The answer is the line with "Cute kawaii Cabbage" and every line after it to the end of the listing, retyped exactly. Pictures do not belong in it.
Input data Block Start
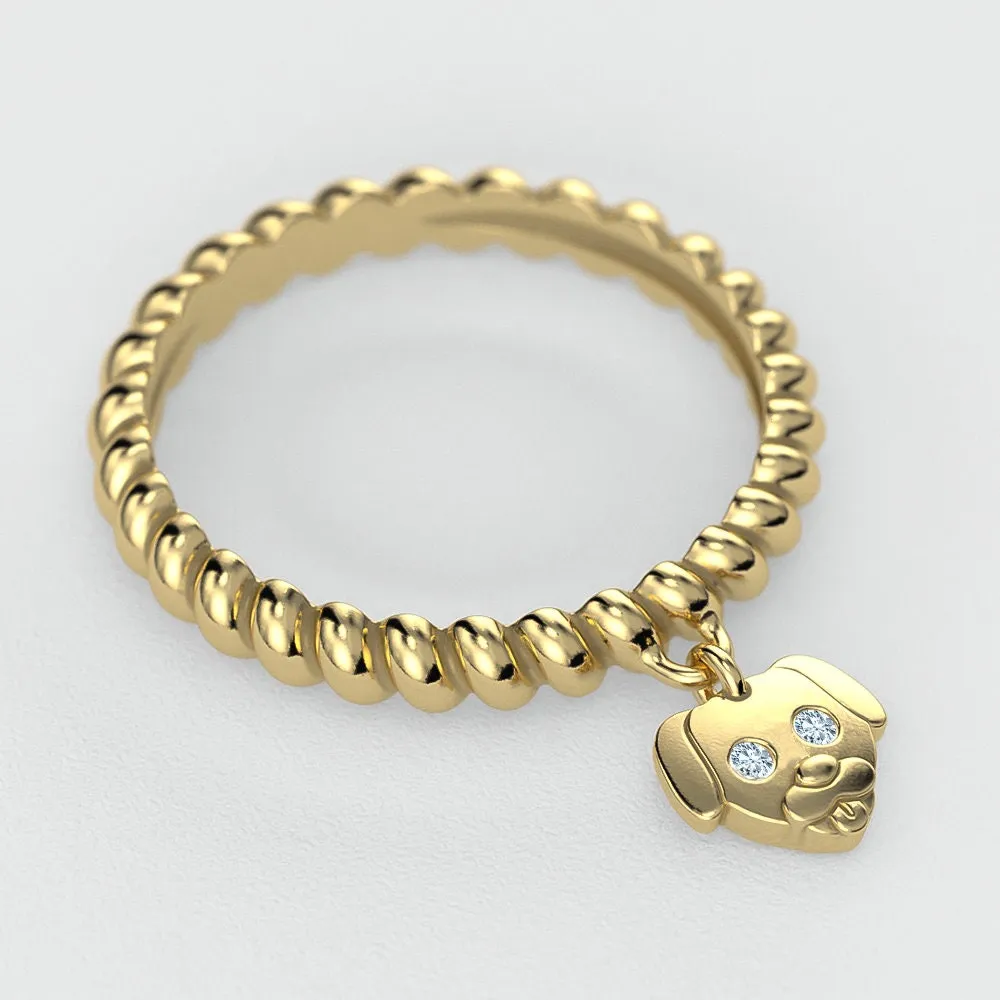 Twisted Dangle Doggy Diamond  Ring by TinyBling available in Sterling Silver, 14k Yellow Gold, White Gold, or Rose Gold.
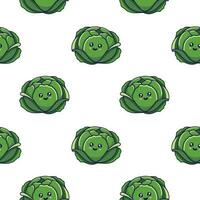 Cute kawaii Cabbage seamless pattern in doodle style.. Vector hand drawn cartoon Cabbage illustration. Hand drawn Sketch of Cabbage. Pattern for kids clothes.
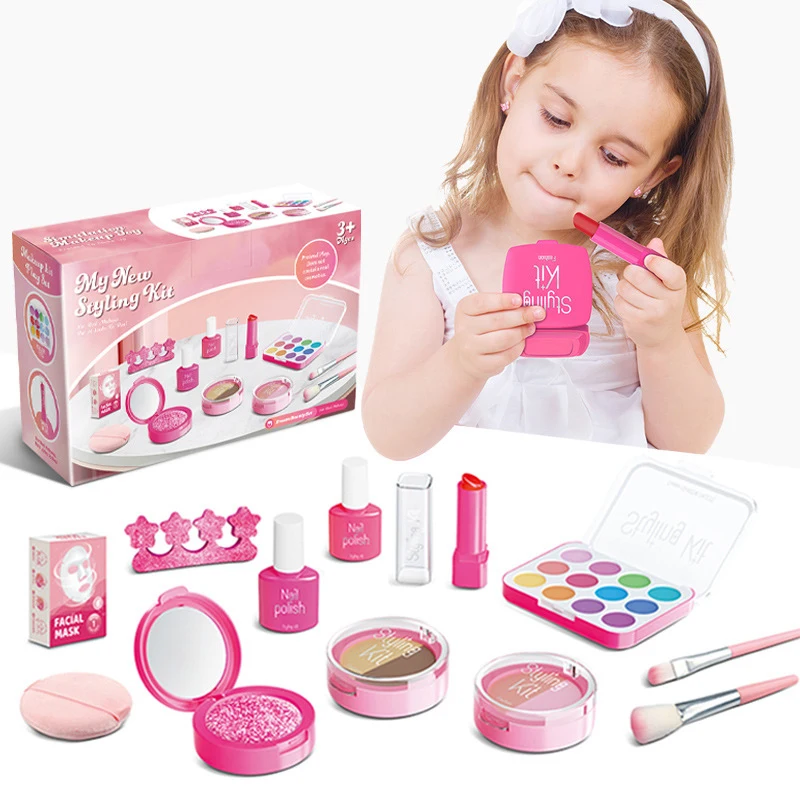 1 Set Girl Makeup Props Children's Pretend Play Simulation Cosmetics Toy Kit With Eyeshadow Palette And Lipstick Applicator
Input data Block End
▸ **Your response**
 Cute kawaii Cabbage seamless pattern in doodle style.. Vector hand drawn cartoon Cabbage illustration. Hand drawn Sketch of Cabbage. Pattern for kids clothes.
 1 Set Girl Makeup Props Children's Pretend Play Simulation Cosmetics Toy Kit With Eyeshadow Palette And Lipstick Applicator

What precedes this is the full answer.